Ogni anno, il 30 agosto, si celebra la Giornata Internazionale degli scomparsi. Più che una commemorazione, un momento di riflessione sul destino delle migliaia di persone che, nel mondo, sono state fatte sparire forzatamente, costrette ad un allontanamento coatto dalla loro terra e dai loro cari.
E anche ai familiari delle vittime, in occasione della ricorrenza, sono rivolti pensieri e riflessioni: non possono piangere la morte dei loro congiunti, non avendo certezza del loro destino e, allo stesso tempo, conducono un’esistenza angosciante, una prigionia emotiva segnata da una costante e speranzosa attesa.

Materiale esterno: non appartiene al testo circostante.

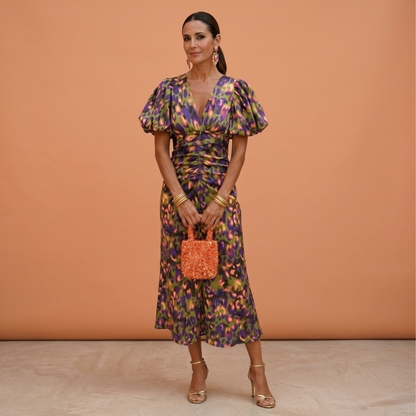 Vestido primavera mujer escote V con mangas abullonadas – estilo elegante femenino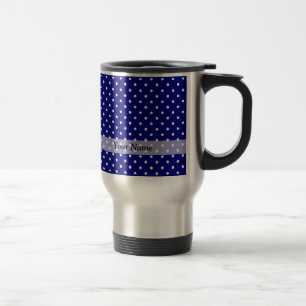 Caneca Térmica Padrão de bolinhas azul marinho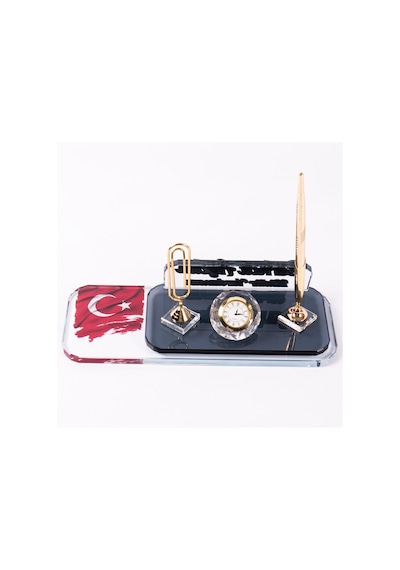 Türk Bayrağı Motifli Ofis Masa İsimlik Ataçlı Kalem Saatli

Quest’anno, la giornata è dedicata alle recenti sparizioni a seguito della rivolta siriana e a quelle avvenute nei Paesi Balcanici tra il 1991 e il 2001. Un decennio, quest’ ultimo, segnato da duri conflitti bellici e da guerre civili intestine, oltre che da rivolte secessioniste. Sono trascorsi vent’anni dallo scoppio delle guerre e, ancora oggi, “più di 14mila persone mancano all’appello nei paesi dell’ex Jugoslavia”.
I dati, denunciati da Amnesty International in un rapporto diffuso ieri, confermano le avvenute atrocità in danno di quanti, arrestati durante i giorni degli scontri armati, non sono più tornati alle loro case. Una pratica che, nei dieci anni segnati dalla guerra, ha causato la sparizione (accertata) di 34.700 persone. Tra questi, dissidenti, oppositori politici, attivisti e prigionieri di guerra.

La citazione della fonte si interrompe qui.